At Wed Aug 08, 11:49:00 pm, Blogger D said...

Hi, I happened to have vacationed in Australia last winter. And I must admit I enjoyed every bit of it. However, that did not make me blind to the fact that the original inhabitants of Australia - the aborigines - were conspicuous by their absence in urban Australia.
The only place where they seemed to serve the government's purpose was at the Tjapukai Theme Park near Cairns which attracts tourists from all over the world. Of course, I cannot deny that visiting the Park introduced me to the world of tjapukais (or aborigines), their exploitation by the colonisers and their efforts to stand up again after a century of suppression. But it also showed how their sad story was being used as a tourist attraction!

The recent legislation that you've blogged about is an eye-opener and reveals the farce that the white man's burden has always been.
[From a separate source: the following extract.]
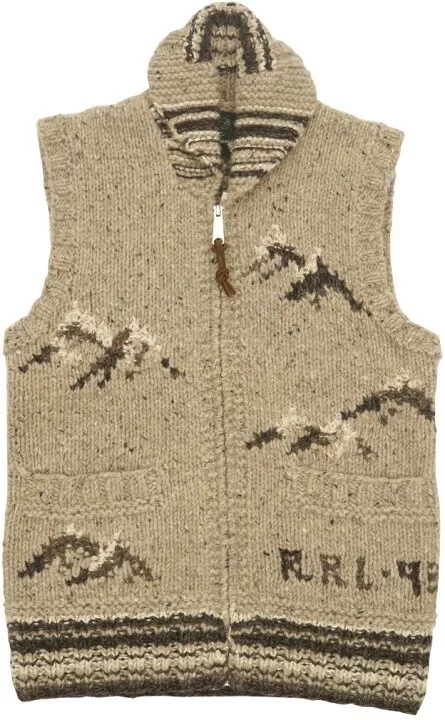RRL Double RL Ralph lauren Hand Knit Wool Cowichan Vest Sweater airplane Sz S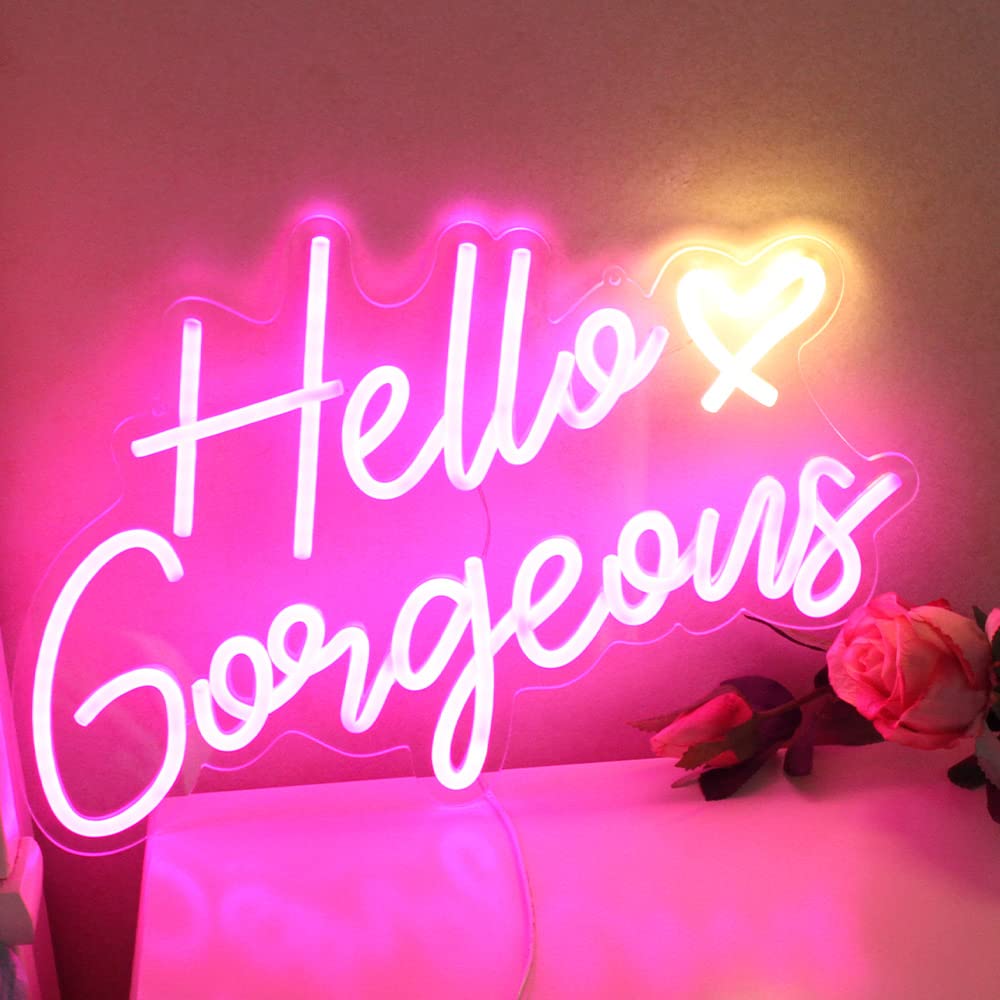 DAKABUKA Hello Gorgeous pink neon sign dimmed brightness for intimate mood lighting.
And I hope Ridwan's efforts bear fruit.

 
At Thu Aug 09, 12:25:00 am, Blogger Ridwan said...

Hey brother!

I am impressed man. What a wondeful piece you have produced here. We are still moving forward and the signatures will continue to grow.

Just think if each signature represents US$2000 of tourist income for Australia. Nothing to sneeze at hey!

OK, so keep me posted on you and your doings. Good to read you again.

Be well my brother.

Struggle,
Ridwan

 
At Fri Aug 10, 12:03:00 pm, Blogger Jubin George said...

D: Thank you for sharing your experience. I was not surprised, because it's almost the same thing I have heard from people who live there. And the fact is, majority of aborigines live in urban areas today. Doing menial jobs or being jobless. Many of them don't know how to speak Australian either. All these are 'naturally' interpreted as indicators of being inferior, unintelligent, misfits in the society. It's not a difficult situation to understand. We have millions of people who face much similar problems in our country too. For the simple reason that they don't know how to play the game according to the imposed, and widely accepted, European rules. Let's try to walk at least a step of the talk now.

ridwan: Thank you for the nice words, and sorry for being late with this post. Let's see whether it's of any good. Otherwise, it would mean nothing.

 
At Mon Aug 13, 02:44:00 pm, Anonymous Anonymous said...

good work jubin !

-scout

 
At Tue Aug 14, 04:56:00 am, Anonymous Anonymous said...

Hey Jubin George.

Tom of Automatic Preference has highlighted your piece on Howard at his blog.

I agree with Tom. It is an amazing piece of writing.

Be good hey.

Ridwan

 
At Wed Aug 15, 01:04:00 am, Blogger Jubin George said...

scout: Thank you, if you have signed the petition. :)

ridwan: That's an encouraging bit. And it has brought in more traffic. Hope it'll show in the list too.